Pour une meilleure coopération du secteur des
affaires
Le secteur des affaires s’emballe dans l’inefficience en
sponsorisant les groupes. C’est un défi à toute logique du marketing qui
engendre un déséquilibre et tue la production artistique des groupes. Quelle
est cette logique qui oblige qu’une compagnie sponsorise un nombre de groupes
qui endossent d’autres, parfois ses courants simultanément ? Ce micmac de
sponsorisation rend excessivement coûteux l’acte du marketing. Se vendre ne
veut pas dire qu’il faut encaisser les coûts n’importe comment. En outre une
injustice se produit quand une entreprise rode autour de quelques mêmes groupes
pour distribuer ces coûts de sponsorisation. Certains groupes avec une
production artistique hors pair qui sont sélectionnés par le comité
carnavalesque ne trouvent pas de sponsor pour se présenter. Ce serait
économiquement correcte de sponsoriser un seul groupe, à la rigueur deux dont
un très bien côté et l’autre moins bien côté.

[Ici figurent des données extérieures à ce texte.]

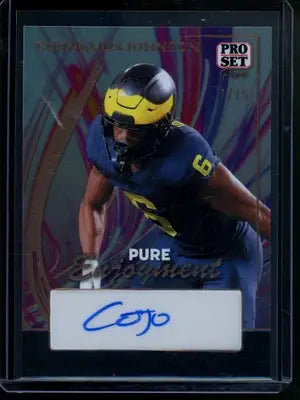 2024 Leaf Pro Set Pure Cornelius Johnson #PE-CJ1 7/15 Autograph Football - Football Card Single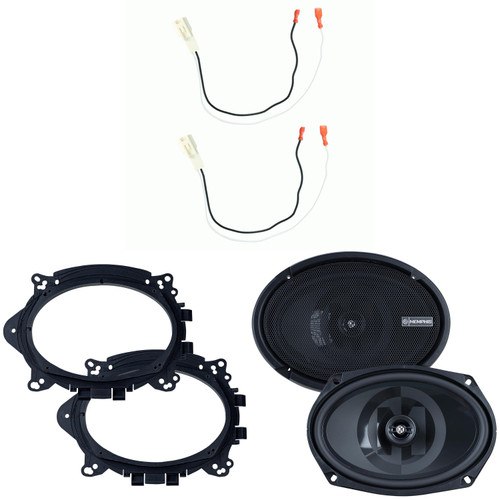 Memphis Audio PRX69S Rear Deck 2-Way Speaker Upgrade Kit for 2014-2019 Toyota Corolla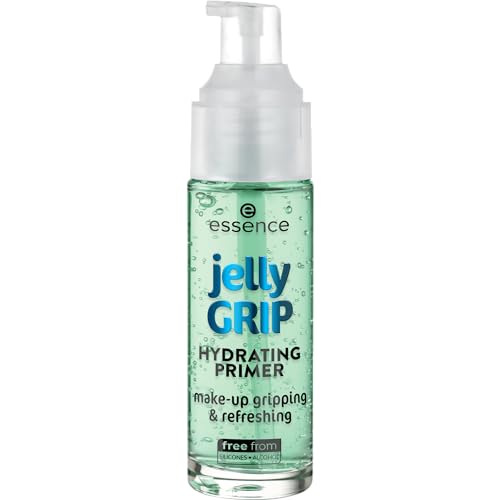 essence Jelly Grip Hydrating Primer - Hydrates Skin, Long Lasting Makeup, Vegan - 1.01oz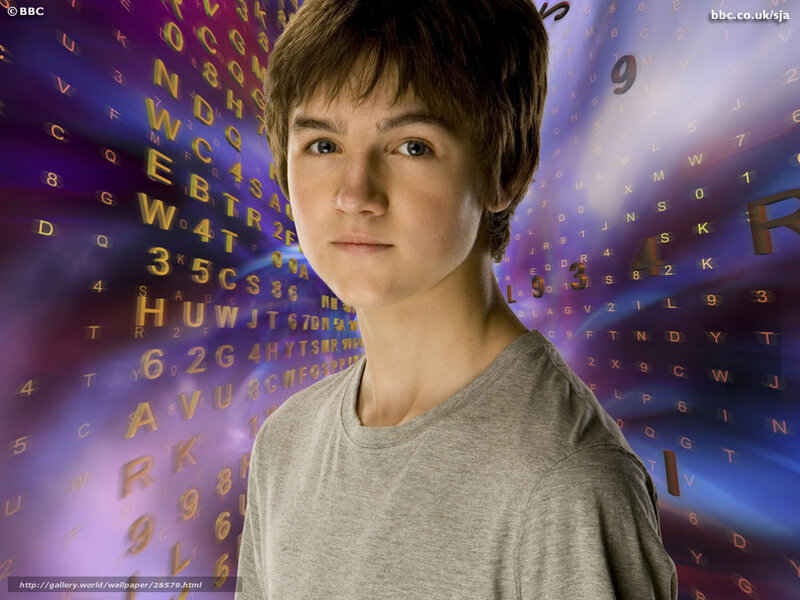 boy with digital background
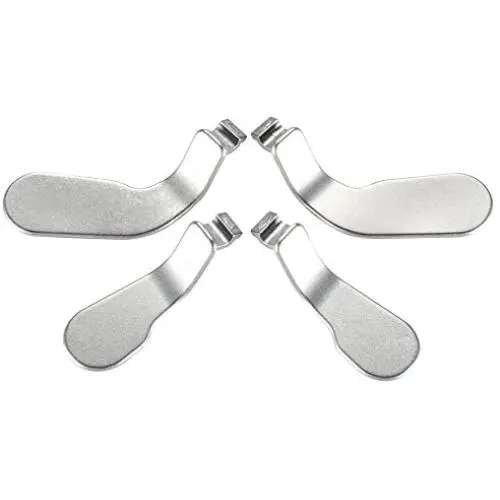 eXtremeRate 4 pcs Metal Stainless Steel Paddles Hair Trigger Locks Replacement Parts Video Games Accessories Kits for Xbox One Elite, Elite Seies 2 Controller eXtremeRate 4 pcs Metal Stainless Steel Paddles Hair Trigger Locks Replacement Parts Video Games Accessories Kits for Xbox One Elite, Elite Seies 2 Controller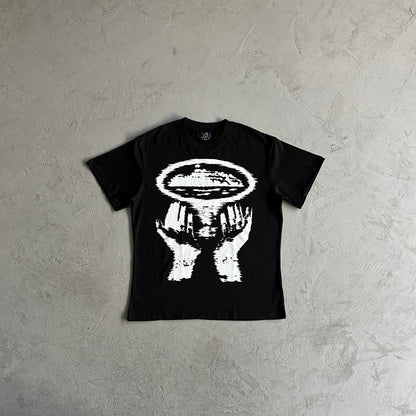 Corteiz Alcatraz Hand Print “Black”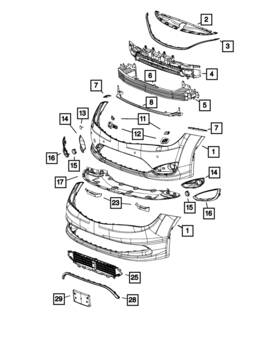5sd10sz0ac Mopar Genuine Surround Right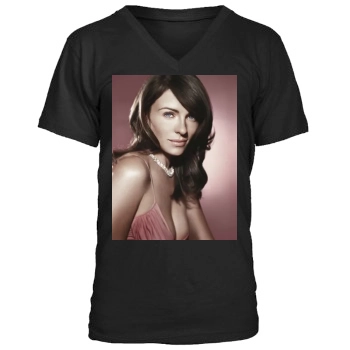 Elizabeth Hurley Men's V-Neck T-Shirt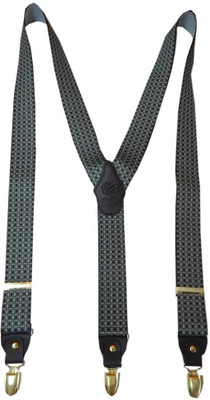 

Navaksha Y- Back Suspenders for Men(Grey)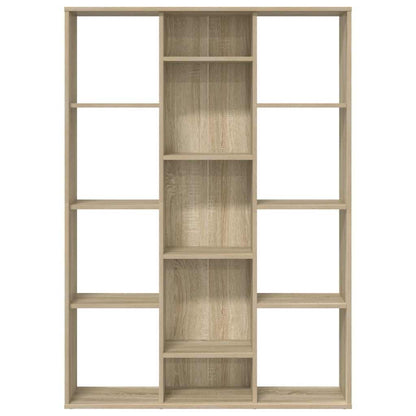 vidaXL Room Divider/Book Cabinet Sonoma Oak 100x24x140 cm Engineered Wood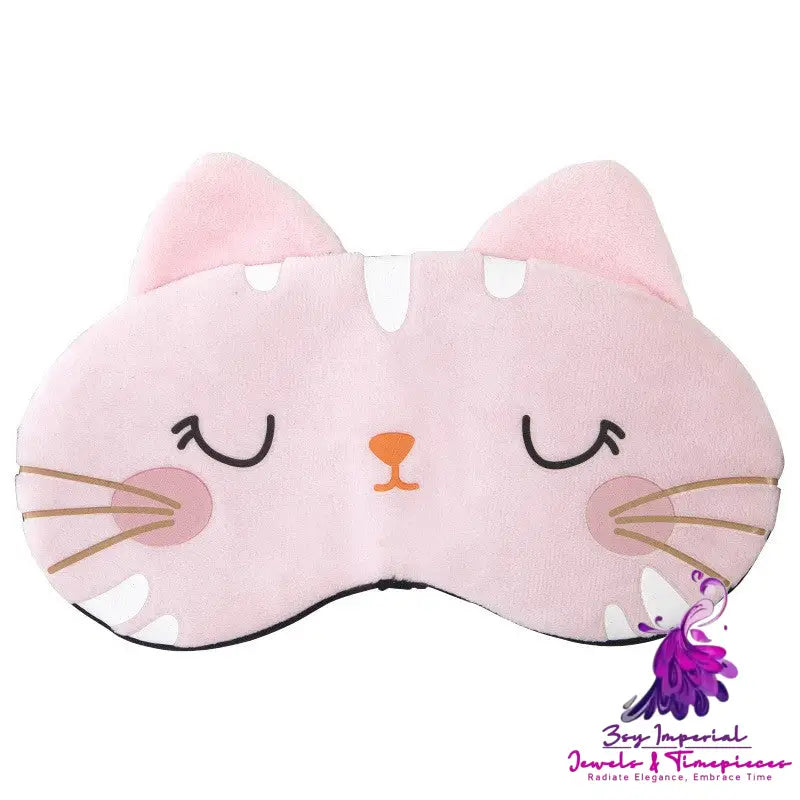 Cute Cartoon Plush Eye Mask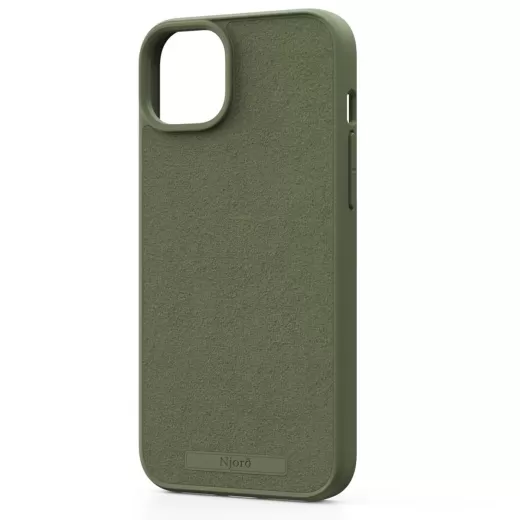 Чехол Njord Suede MagSafe Case Olive для iPhone 15 Pro (NA53SU06)
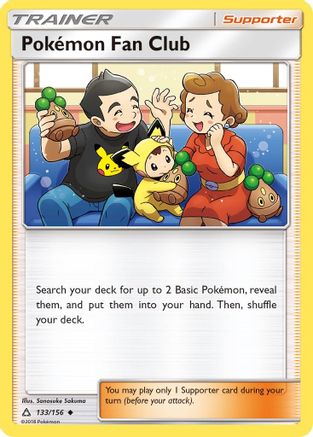 Pokemon Fan Club (133/156) [Sun & Moon: Ultra Prism] Reverse Holofoil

S’il y avait plus de sponsors que de groupes admis pour le
défilé, ceux-ci auraient pu tous se présenter afin de pluraliser et d’épicer
les festivités. Encore, l’Etat pourrait intervenir pour limiter le nombre de
groupes qu’une entreprise peut sponsoriser ou le nombre de sponsors qu’un
groupe peut endosser. Aussi, il pourrait déterminer la ligne de démarcation
financière pour sponsoriser les groupes en partie ou entièrement. Une telle
structure non seulement rendrait plus de fonds disponibles chez un sponsor pour
s’approprier d’un groupe exclusivement. Le processus de sponsorisation se
ferait suivant une formule semblable à celles de vente aux enchères mais avec
un plafond.
La coopération du secteur des affaires via une sponsorisation
mieux ciblée et équitable et la conception architecturale du parcours inciterait
le tourisme carnavalesque, et allégerait énormément la charge financière de
l’Etat. Celui-ci serait limité simplement à son rôle régulateur et incitateur pour
mieux se positionner et jouir de la rentabilité carnavalesque en renflouant la caisse
publique sans avoir à effectuer trop de débours.